In what looks to be the first application of New Process Steel v. NLRB by a court of appeals, on June 23, 2010, the Second Circuit denied the NLRB’s petition for enforcement of an order issued by the 2-Member Board. In NLRB v. Talmadge Park, the per curium opinion concluded that:
In Snell Island SNF LLC v. National Labor Relations Board, 568 F.3d 410 (2d Cir. 2009), we held that two Board members may exercise the Board’s authority in such circumstances as a quorum of a three-member delegate group. See id. at 424. However, the Supreme Court has since overridden that holding in New Process Steel, L.P. v. National Labor Relations Board, No. 08-1457, 2010 WL 2400089 (June 17, 2010). See id. at *8. Recognizing that, on this point, Snell Island yields to New Process Steel, we conclude that the Board as constituted did not have the authority to issue the May 27, 2009 order against Talmadge Park. The Board’s petition is denied.

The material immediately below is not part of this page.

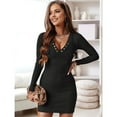 thumbnail image 4 of Womens Cute Henley Long Sleeve Knit Stretchable Slim Sweater Bodycon Mini Sweater Dress with Pockets, 4 of 7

Significantly, the employer in Talmadge Park did not challenge the Board’s authority to issue the 2-Member decision and even stipulated to the appellate court’s entry of a consent judgment enforcing the Board’s decision. Thus, the Second Circuit’s decision to deny enforcement under such circumstances signals judicial approval of broad and far-reaching effects of the New Process decision, i.e., 2-Member Orders will be denied enforcement even in the absence of a specific challenge on that basis. Whether other circuits will take this same view is not known at this time; also undecided is whether those parties which had Orders entered against them by the 2-Member Board but did not appeal to a court of appeals are in fact bound by those Orders. Also significant about the Second Circuit’s Talmadge Park decision is that, unlike the D.C. Circuit’s decision in Laurel Baye, which vacated a now void 2-Member decision and remanded the case to the Board for consideration at such a time when the Board regained a quorum, the Second Circuit denied enforcement of the Board’s petition without remanding the case back the Board, likely foreclosing the Board’s ability to reconsider the case. We will continue to monitor this important issue and will report on developments as they occur.